In your last reply to me you said: "As you said it and as I wrote it in the paragraph following my equation (7), Born's probability rule is necessary to reproduce quantum behavior. The evolution equations are not enough. For ordinary rotating needles, Born's rule follows from phase matching of the interacting needles with the pilot-wave."

And the corresponding essay text is the following:

"The projection of a needle on a given axis will evolve sinusoidally. This will affect scattering probabilities. Two needles will therefore collide with a probability proportional to the projection of the first needle times the projection of the second needle on the axis perpendicular to the line joining the centres of both needles."

This is factually incorrect. Suppose needle 1 rotates in a plane perpendicular on the axis between the two needles and suppose needle 2 rotates in a plane including the axis. Then the needles will collide with probability 1 if the distance between the center of the needles is smaller than the needle half length, and not zero as you state. The whole analysis of the probability of needle collision is much more complex than your statement seems to imply.

Obtaining Born's rule is critical of providing a genuine classical mechanics and this can be mathematically shown to be impossible. Here at FQXi, Enrico Prati shows that classical and quantum mechanics cannot be combined based on the GNS construction. Indirectly this means that quantum mechanics cannot be modeled from classical mechanics. Therefore any "modeling" of QM from classical mechanics is misleading.

Florin,

I thank you for your remark which has the advantage of considering the experimental facts and noticing an imprecision in my formulation. My statement "The projection of a needle on a given (fixed) axis will evolve sinusoidally" is correct but afterwards I switch to an undefined (and variable) axis perpendicular to another axis. I should have mentioned that we must consider averages. I beg your pardon for that imprecision. As you wrote, "the whole analysis of the probability of needle collision is much more complex than (my) statement seems to imply". I have not yet found a general statement in terms of scattering cross sections and projection axes. I've worked out some simple analogues where you may retrieve Born's probability rule (see for example my video Quantum probabilities with ordinary objects).

I don't see how the scattering probability of your counterexample gives "1", except for the special cases where the 2 needles' relative translational velocity is extremely slow with respect to their rotational velocity or where the line joining the needles' centres is collinear with both translational velocities.

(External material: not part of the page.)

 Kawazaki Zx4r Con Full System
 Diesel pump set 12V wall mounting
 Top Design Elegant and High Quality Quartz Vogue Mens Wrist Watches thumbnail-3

I completely agree that quantum mechanics cannot be modeled using classical mechanics. In classical mechanics, there is a one to one mapping between the state of the object and the detection result (i.e. location). As you may have verified with your needles counterexample, this classical one-to-one mapping doesn't pertain to spatially extended objects analogies using contact interactions. For one state of the needle, there is a whole set of statistically distributed possible measurement results spreading over the spinning volume of the needle. Commutative algebra doesn't apply to such analogies.

Dear Arjen,

Your quote '.. impossible, to explain in any classical way (..) quantum mechanics' is exactly to the point. Quantummechanics indeed is impossible for classical physics to explain as it is a causal, religious kind of physics, the kind which creates artificial problems which never can be solved as they are brewed out of unfounded assumptions and an outdated notion of reality. As long as we cling to the idea of a particle as some tiny pellet acting as the source, the cause of its wavelike behaviour, we will never comprehend quantummechanics. If particles create and preserve each other by alternately borrowing and lending each other the energy to exist and by this continuous exchange at the same time express their properties, then they are as much the product as the source of their interactions, so there is no need for a pebble at the mass center of the particle to act as a source of gravity. (For the mechanism how particles keep existing even outside the particle cluster they forged each other in, see my reply dd 17 oct to your comment on my essay). To me there is no pebble at its center which can act as a source, no interaction-independent something. Though the De Broglie waves then must refer to the energy exchange between particles and their environment and can guide them, these waves have no pellet-like source at their center. If what we call a particle is an oscillating piece of spacetime, a pure wave phenomenon, it can, of course, behave like a tangible, pellet-like thing: as time passes slower where the field is stronger, nearer its mass center, it offers an increasing opposition to a probe trying to penetrate the field. So if with very tiny fingers we would try to pinch the particle/field, we would feel spacetime become more viscous, more frozen in time, offering a stronger opposition as we increase the pressure, so it would feel like a tiny pea. The harder we pinch, the nearer to its mass center we get, the more violent its energy exchange is expressed as a counterforce to our pinching.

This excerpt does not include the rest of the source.